Try it:
Copy out exactly the stretch below, from the line with "Chibi Boba Cat" through the line with "Long V-neck mottled", both included; the pictures stay out.

Extracted material:
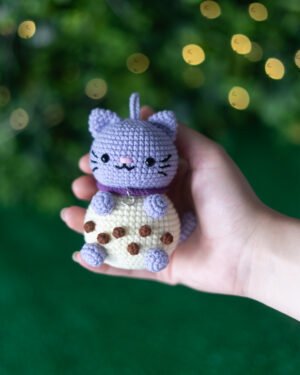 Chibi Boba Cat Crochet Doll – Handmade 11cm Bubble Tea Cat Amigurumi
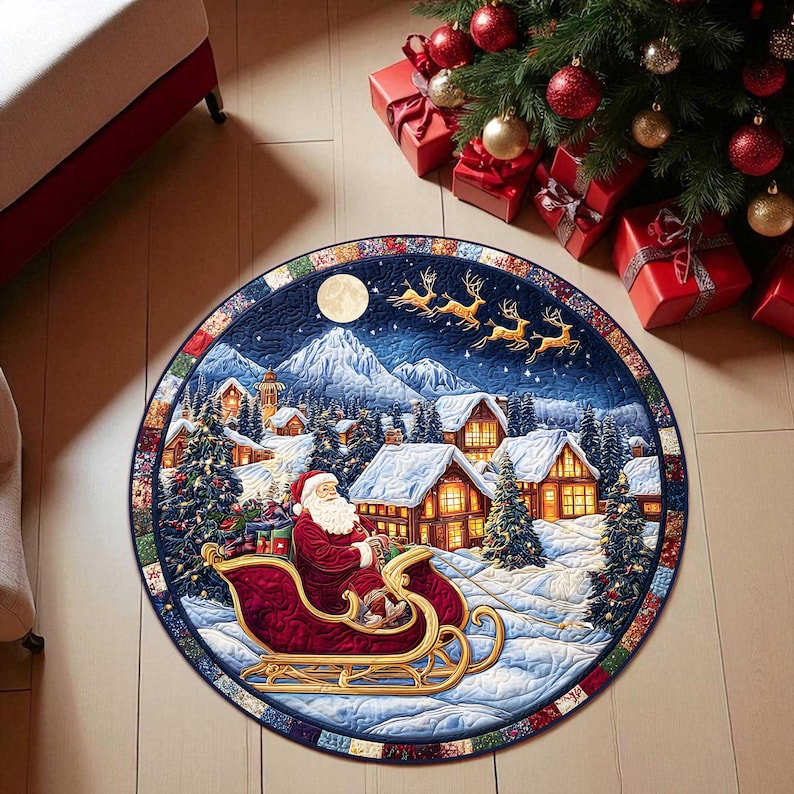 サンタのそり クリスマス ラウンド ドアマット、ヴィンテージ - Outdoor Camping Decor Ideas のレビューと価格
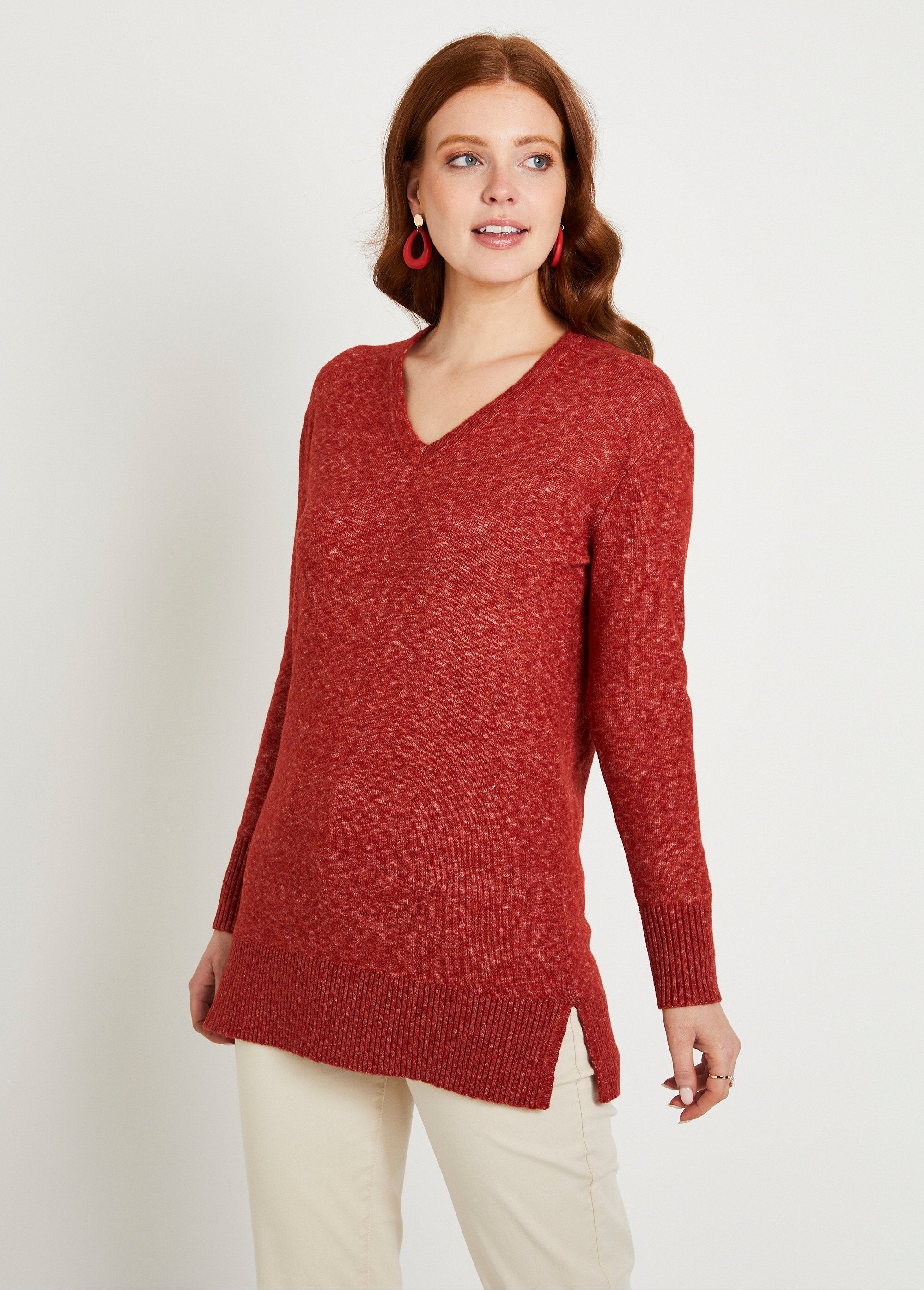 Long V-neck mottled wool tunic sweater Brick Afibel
==
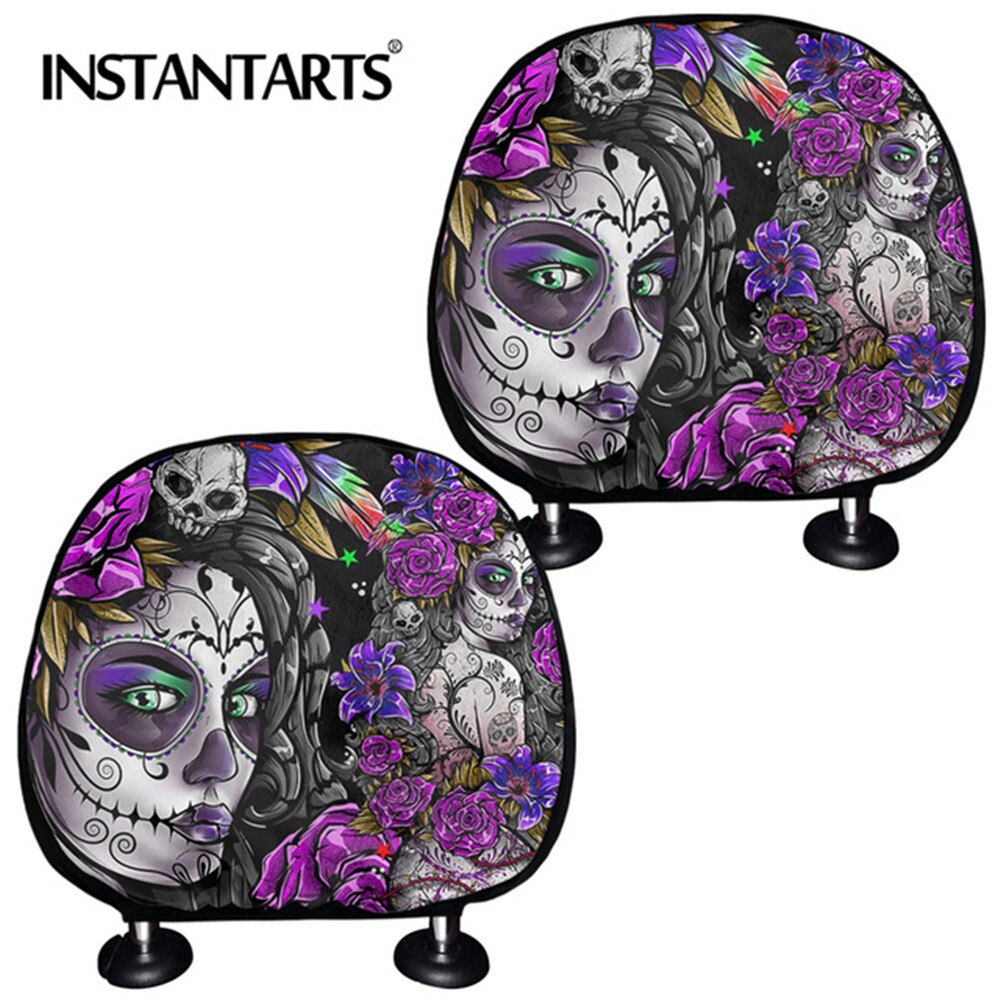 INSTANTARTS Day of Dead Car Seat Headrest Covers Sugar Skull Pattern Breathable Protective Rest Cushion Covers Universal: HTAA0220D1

Exercise solution:
 Chibi Boba Cat Crochet Doll – Handmade 11cm Bubble Tea Cat Amigurumi
 サンタのそり クリスマス ラウンド ドアマット、ヴィンテージ - Outdoor Camping Decor Ideas のレビューと価格
 Long V-neck mottled wool tunic sweater Brick Afibel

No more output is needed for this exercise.